■ What the exercise asks
Among the records that follow, set down only the lines from the one containing "Lustre Billiard En" to the one containing "[2-Pack] Screen Protector", both included, exactly.

■ Exercise material
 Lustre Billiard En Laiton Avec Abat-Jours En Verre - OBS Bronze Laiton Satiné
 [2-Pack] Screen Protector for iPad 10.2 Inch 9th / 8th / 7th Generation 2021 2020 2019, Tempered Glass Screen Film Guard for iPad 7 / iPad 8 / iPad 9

--

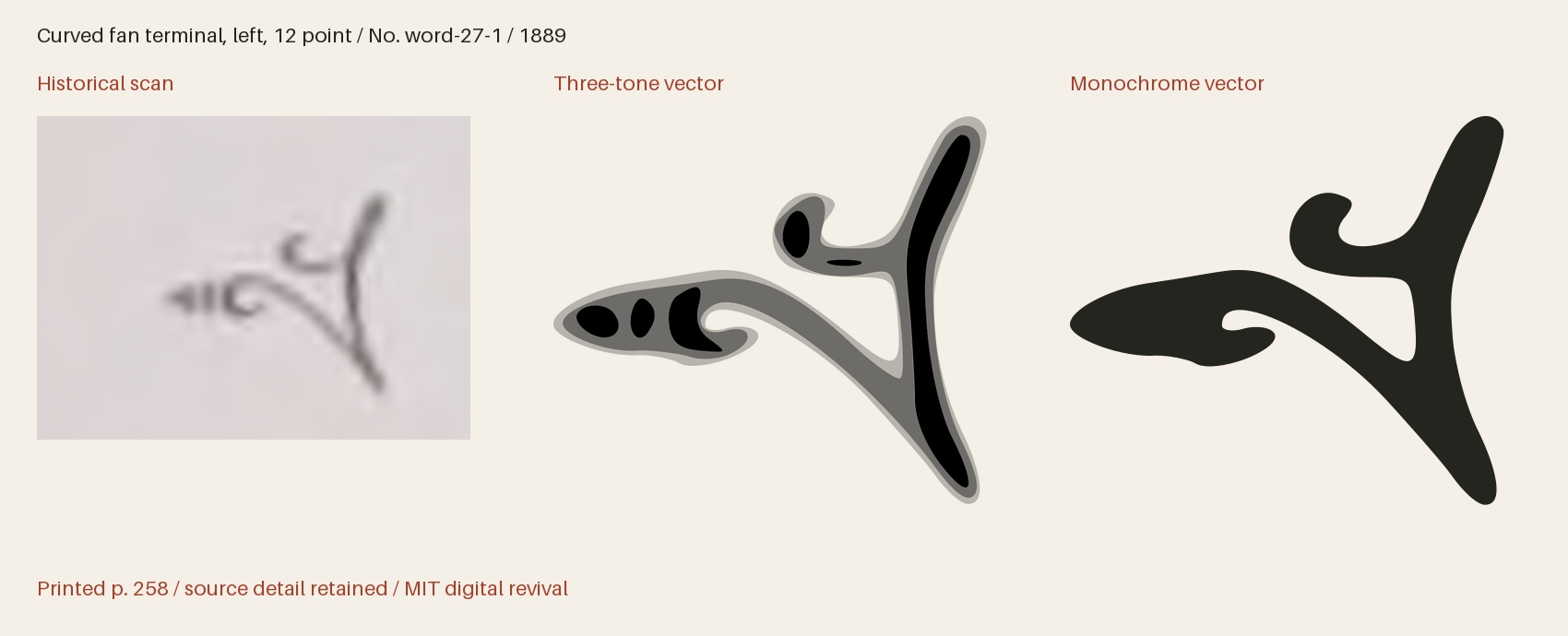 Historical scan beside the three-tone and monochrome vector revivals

---

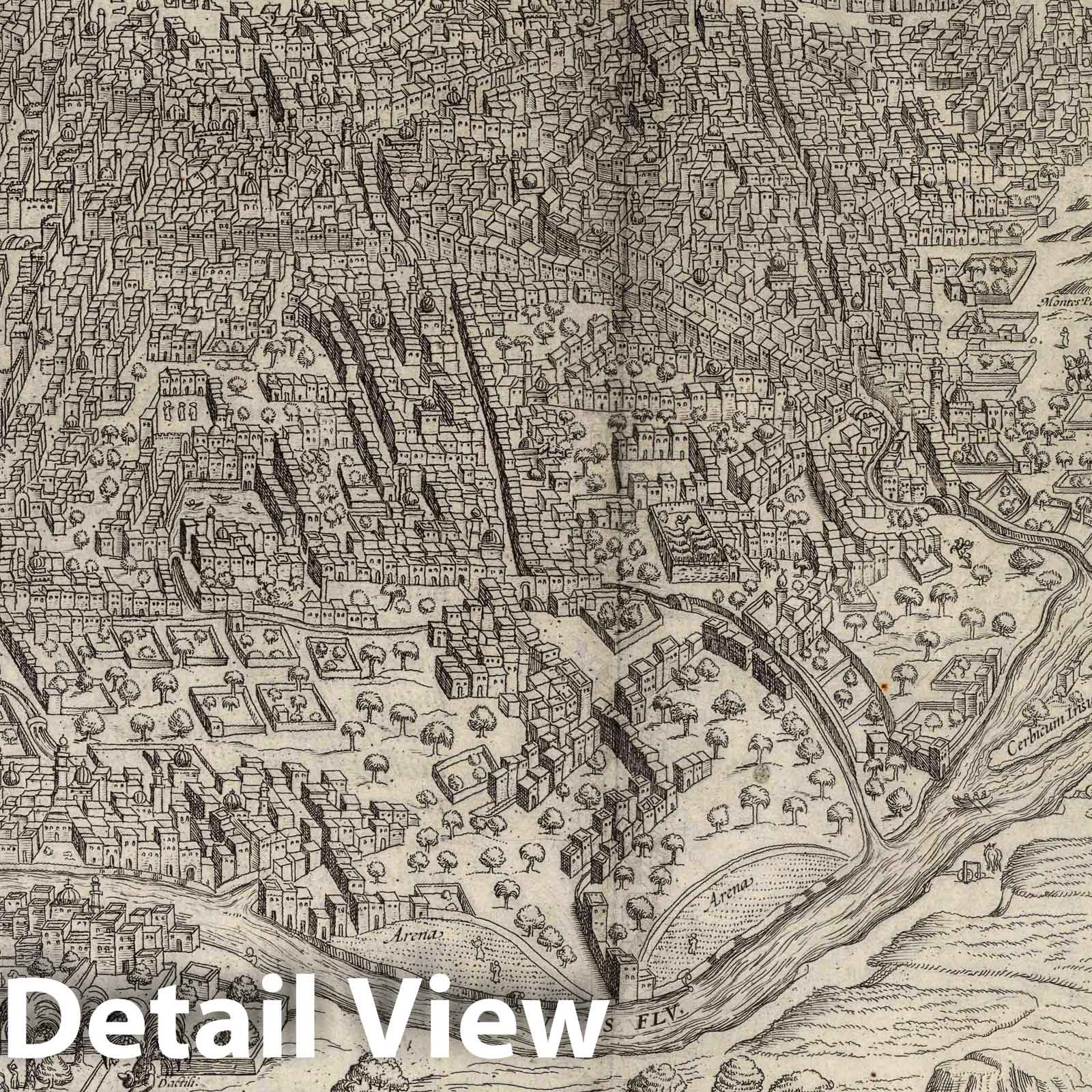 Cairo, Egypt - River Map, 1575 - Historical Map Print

■ Reply to the exercise
 Lustre Billiard En Laiton Avec Abat-Jours En Verre - OBS Bronze Laiton Satiné
 [2-Pack] Screen Protector for iPad 10.2 Inch 9th / 8th / 7th Generation 2021 2020 2019, Tempered Glass Screen Film Guard for iPad 7 / iPad 8 / iPad 9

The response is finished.